Which other approach should I consider to broach my hump?

Really, really keen on some insight please.

Thanks everyone


----------



## LukasS (Oct 13, 2015)

Hello Sabaki,

that's one tough question, in my opinion your photographs have to reflect your sense of the topic you are photographing in your own, unique way. Constraining yourself to above set of rules will only hold you back (IMHO).

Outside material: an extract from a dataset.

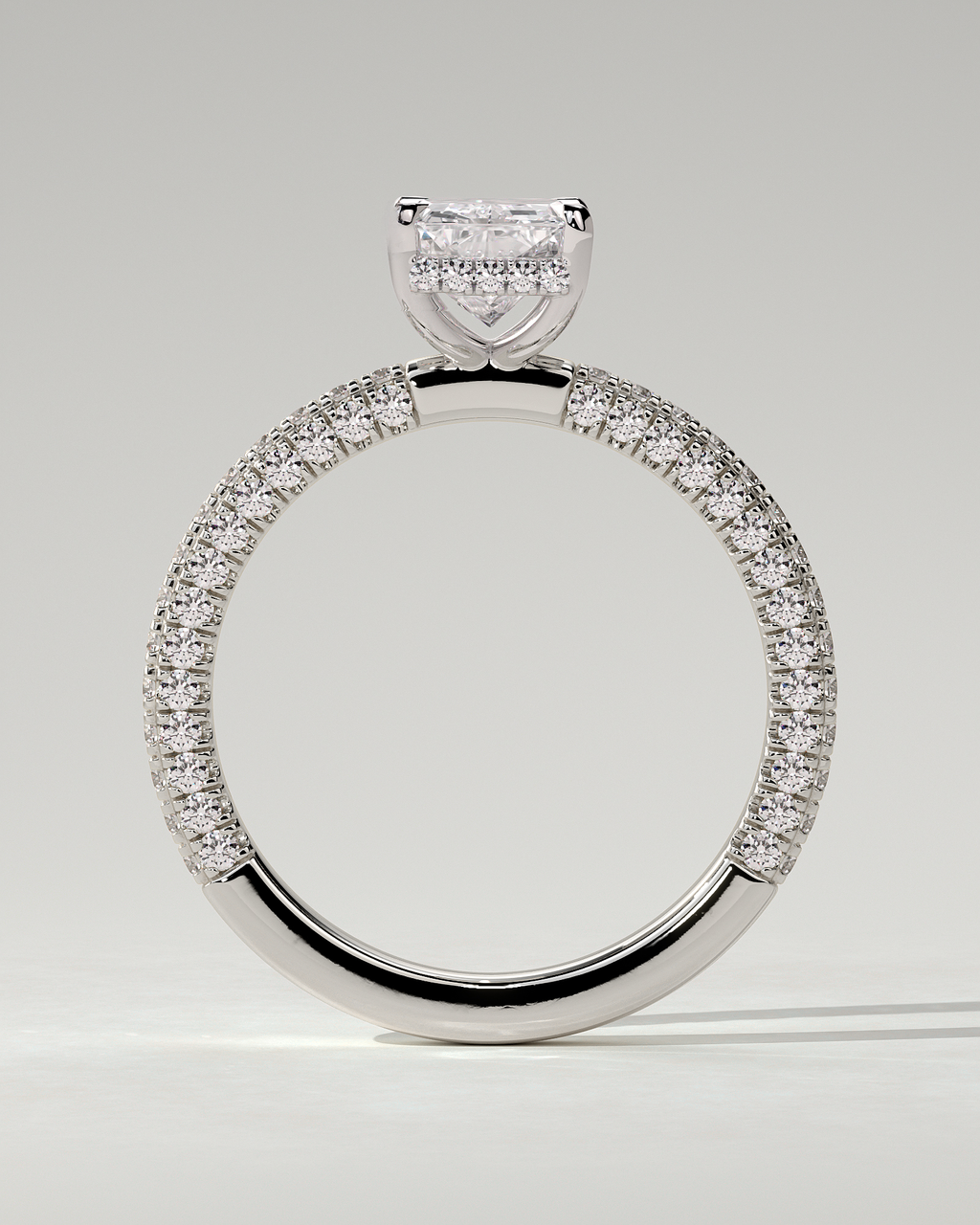 Irene Solitaire Radiant Ring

For me first thing in photography is emotion and further are composition, technique, etc. But I photograph more people than landscape so there is that .


----------



## StudentOfLight (Oct 13, 2015)

Technical aspects are important but I feel creativity, story-telling and emotion is even more important.


----------



## geonix (Oct 13, 2015)

Hello Sabaki

I am in a similar situation than you. What is a good photo to me has changed in the last year/months since I have developed my technical skills. When I started with photography, and my main focus is wildlife photography, I was up to achieve high quality picutures of birds and animals, I wanted as sharp and detailed pictures as I see in magazines, websites etc. 
One major drive for me is my interest and love for animals as such. So to me a sharp, detailed picture of a kingfisher is an interesting thing. But not as much as it was. 
"your/my own unique view" is an often heared phrase in photography. But how unique is it really when you produce the same pictures than so many others? The common kingfisher is a good example. Not long ago this beautiful and shy bird was a challenge to photograph. Both technically and "field-skill"-wise. But through technical evolution and commercial offers (like rentable bird hides etc.) it has become less a challenge and if you look to the respective wildlife forums you find dozens of kingfisher portaits uploaded each week. 

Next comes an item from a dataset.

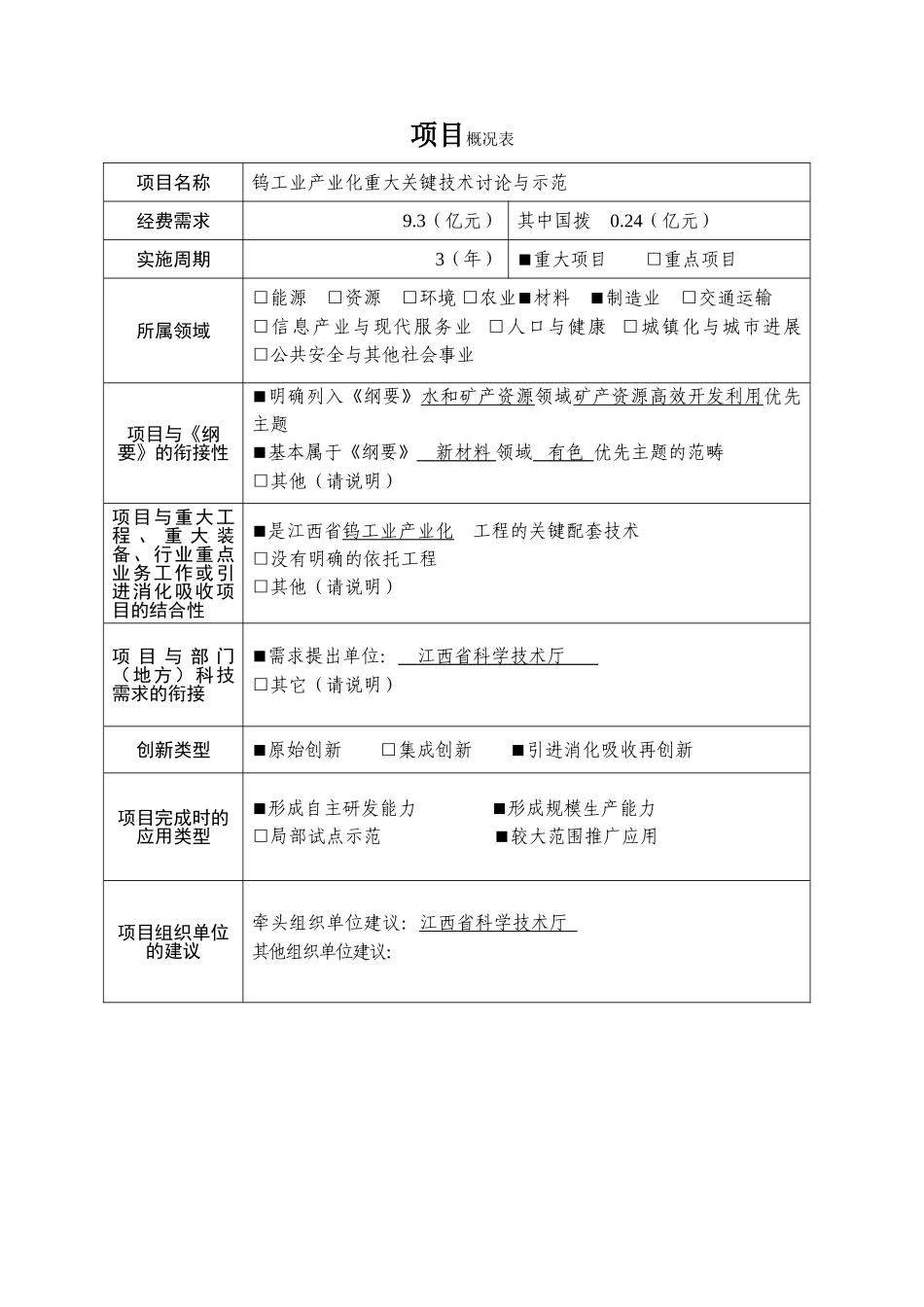 国钨综合最新家科技支撑计划项目可行性研究报告_第3页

That does not diminish the beauty and fascinating nature of that bird, but of the photos of it. 
So to cut it short, I try to improve and develop my photography by getting more and more picky of what I take pictures of and I do upload much less photos to the internet than half a year ago. I try to think more about photos, what message they could have or what emotions people could connect to it. Future will tell if I succeeded in make more original photos or not. Whats sure is that it takes much more time to make unique, original photos.


----------



## Hillsilly (Oct 13, 2015)

An alternative approach

1. Work out what you are really passionate / interested in. Is it BIF? Macro? Nature macro? Still life macro? Landscapes? Sea scapes? Sea scapes using long exposures? 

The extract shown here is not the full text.